North Carolina moves to block chemical discharges from river

North Carolina officials took legal and administrative actions Tuesday to stop a chemical company from discharging compounds with unknown health risks into a river that supplies hundreds of thousands of people with drinking water.

The state environmental agency said it gave Chemours Co. a required 60-day notice before suspending a key permit needed by its chemical plant near Fayetteville that employs nearly 1,000 workers. The Fortune 500 company can't release any wastewater into the Cape Fear River without the permit. It's not clear whether losing the discharge permit would force the plant's shutdown.

A Chemours spokesman did not respond to requests for comment.

The river is the main source of the water utility serving about 200,000 people in and around Wilmington, about 100 miles (160 kilometers) downstream of the Chemours plant.

The Department of Environmental Quality notified Chemours that it's taking action because the Wilmington, Delaware-based company didn't adequately disclose releases of GenX, an unregulated and little-studied compound used to make Teflon.

Only after a North Carolina State University researcher's findings were publicized in June by news organizations did Chemours inform the state agency that GenX byproducts had been discharged into the river for decades, DEQ said in a letter to the company Tuesday.

Also Tuesday, Attorney General Josh Stein's office began seeking a state court order to stop the discharges.

Federal prosecutors last month issued a subpoena demanding documents, research and monitoring data from the state agency as they investigate Chemours' chemical releases.

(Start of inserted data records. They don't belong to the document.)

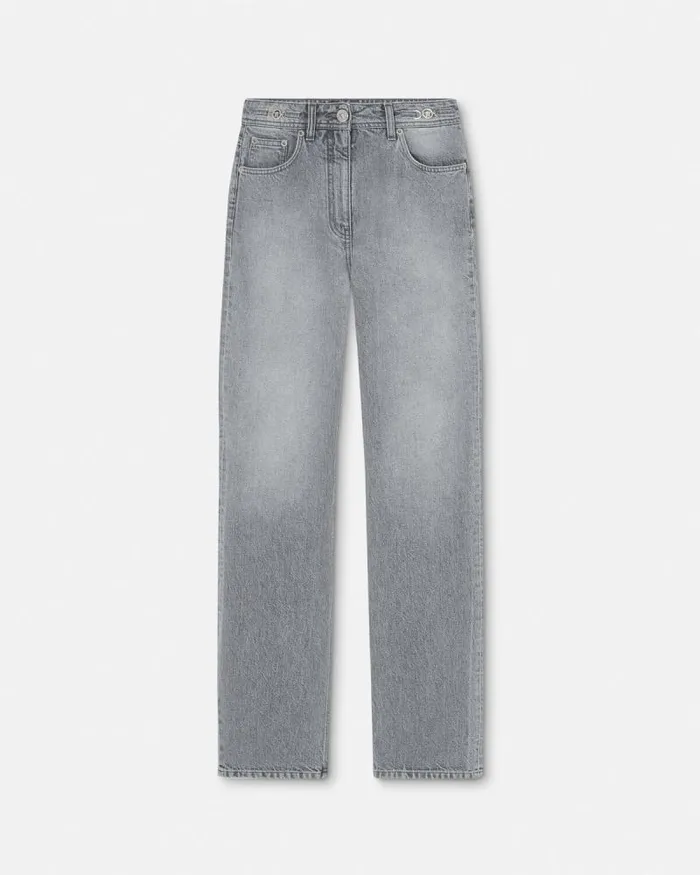 RegularFit Jeans Gray Women Versace Pants and Shorts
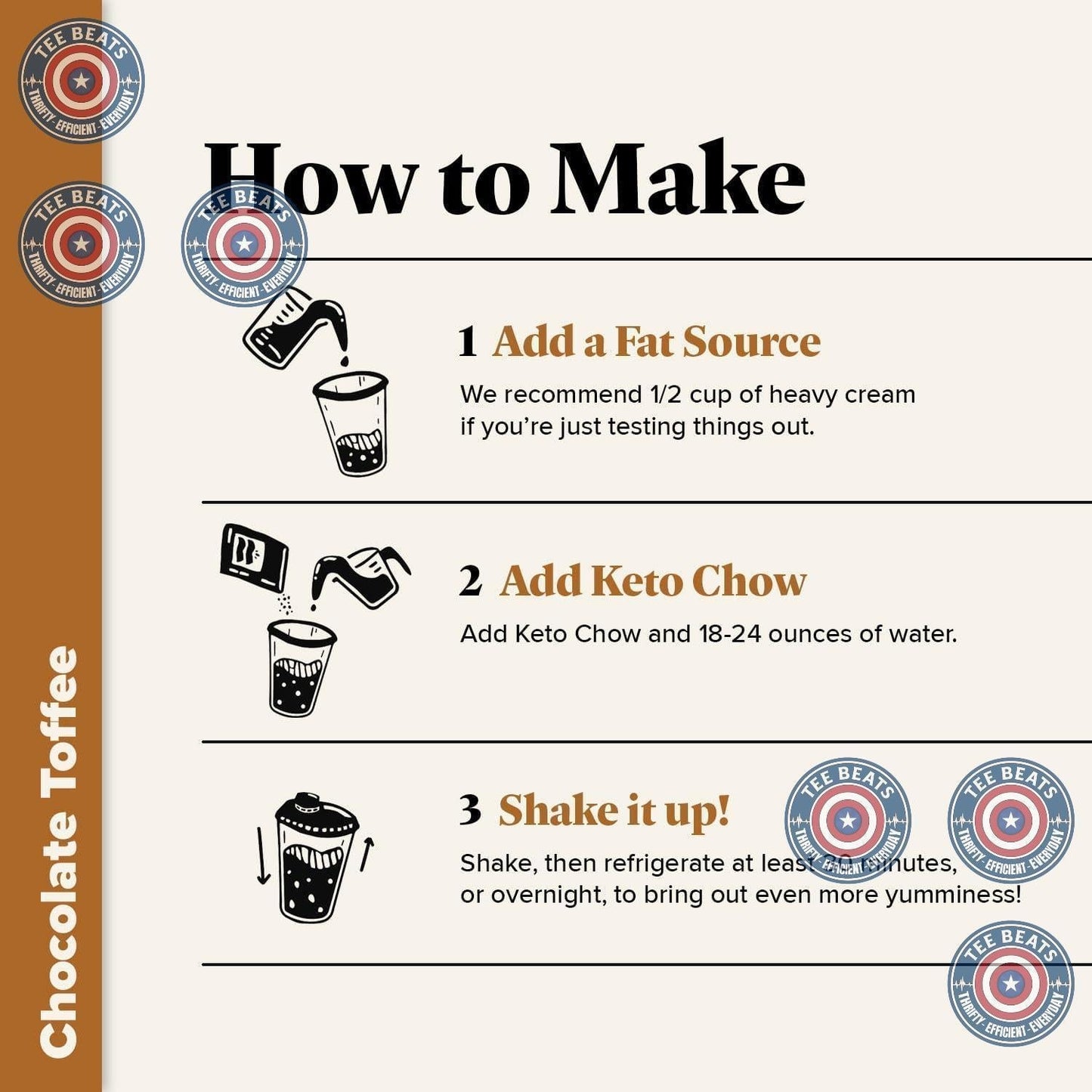 Keto Chow Chocolate Toffee – Clean Label Keto Shake Powder for Intentional Low-Carb Kitchens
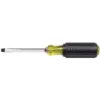 Klein Tools 3/8 in. Keystone-Tip Flat Head Screwdriver with 8 in. Square Shank- Cushion Grip Handle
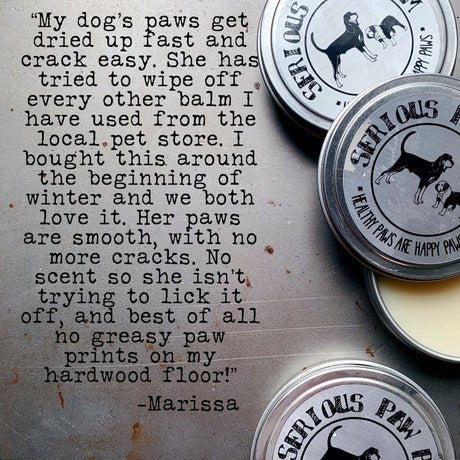 Paw Balm - All Natural Unsented Paw Balm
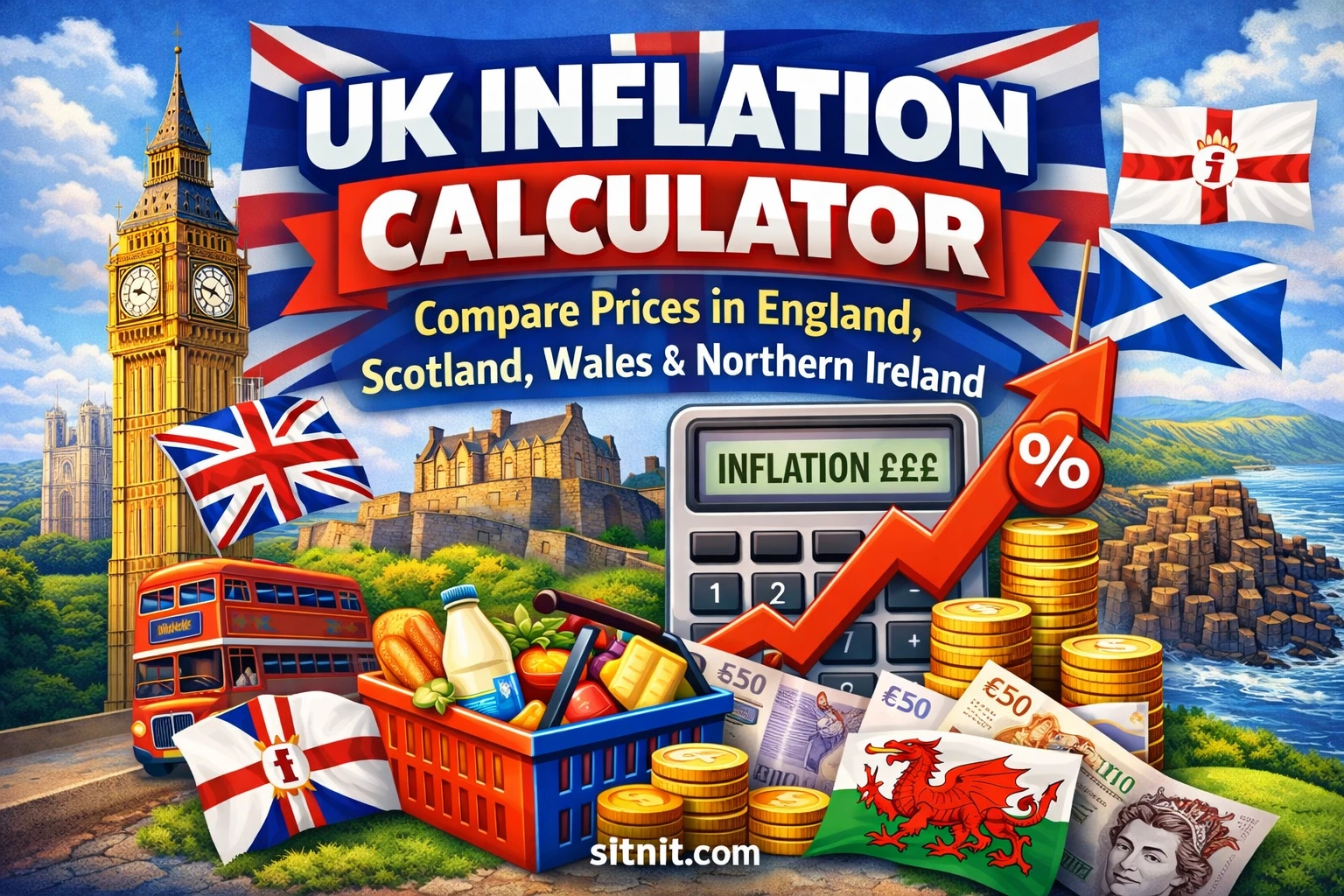 Scotland Inflation UK Inflation Calculator - Compare Prices in England, Scotland, Wales ...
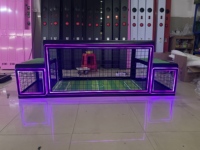 Jeu de football interactif sur banc avec éclairage LED, machine de jeu de football sous table Subsoccer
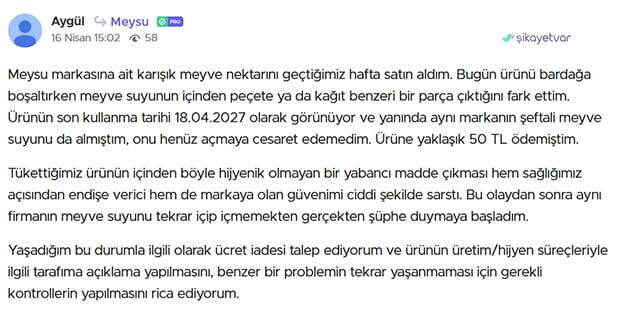 Meysu Meyve Suyu 1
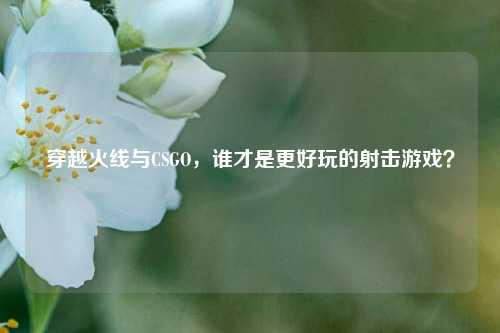 穿越火线与CSGO，谁才是更好玩的射击游戏？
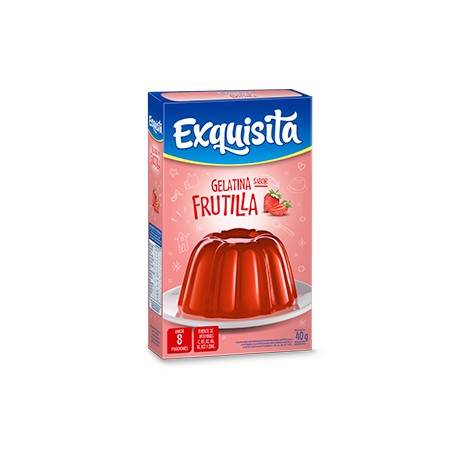 GELATINA EXQUISITA FRUTILLA 50 gr ( u x b 12)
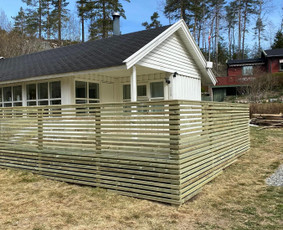 Karkasinių namų statyba, lauko ir vidaus apdailos darbai / Darni Apdaila (Darius) / Darbų pavyzdys ID 3807064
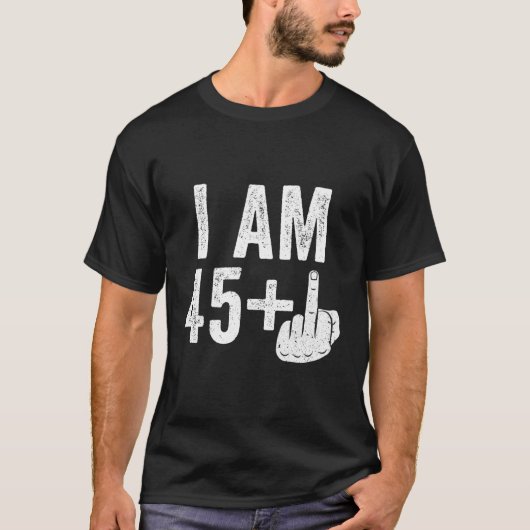 I Am 45 Plus中指46番 Tシャツ (正面)
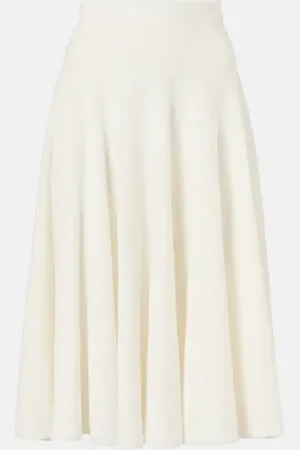 The Row Jupe midi Jaliah en coton et lin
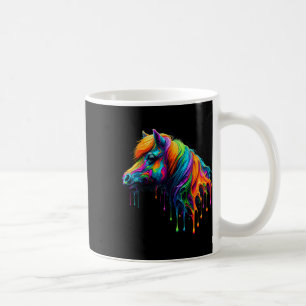 Paint Art Miniatur Reiten Kaffeetasse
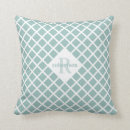 Recherche de motif diamant coussins Aqua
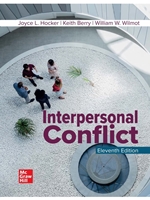 IA:COM 362: INTERPERSONAL CONFLICT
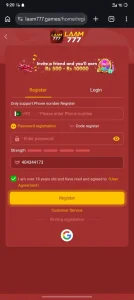 laam777 game registration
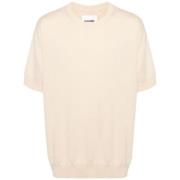 Jil Sander Avslappnad Bomull T-shirt Beige, Herr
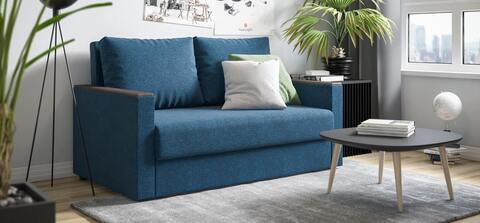 Диван Атланта-2 Лайт рогожка Malmo синий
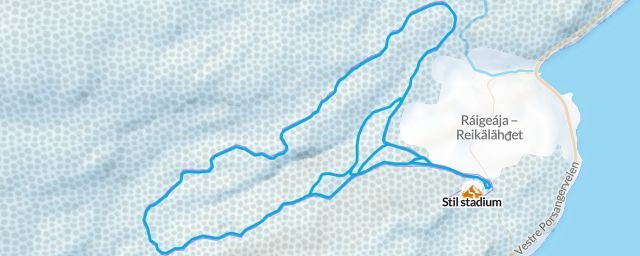 Piste map of the resort Stil stadium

GenX has been used since 2009 to make Teflon and other non-stick products, replacing the suspected carcinogen PFOA. There are no federal health standards for GenX. The U.S. Environmental Protection Agency classifies it as an "emerging contaminant" to be studied.

DuPont spun off Chemours two years ago. In February, DuPont and Chemours agreed to pay nearly $671 million to settle 3,500 lawsuits related to the release of PFOA from a Parkersburg, West Virginia, plant more than a decade ago. That was two months after a federal jury determined DuPont should pay $2 million to an Ohio man who says he got testicular cancer because of the company's negligence over PFOA.

GenX is part of a broader problem of chemicals deployed into industrial production before their risks are clear. For example, researchers are increasingly finding a likely human carcinogen called 1,4-dioxane in water supplies in North Carolina and dozens of other states.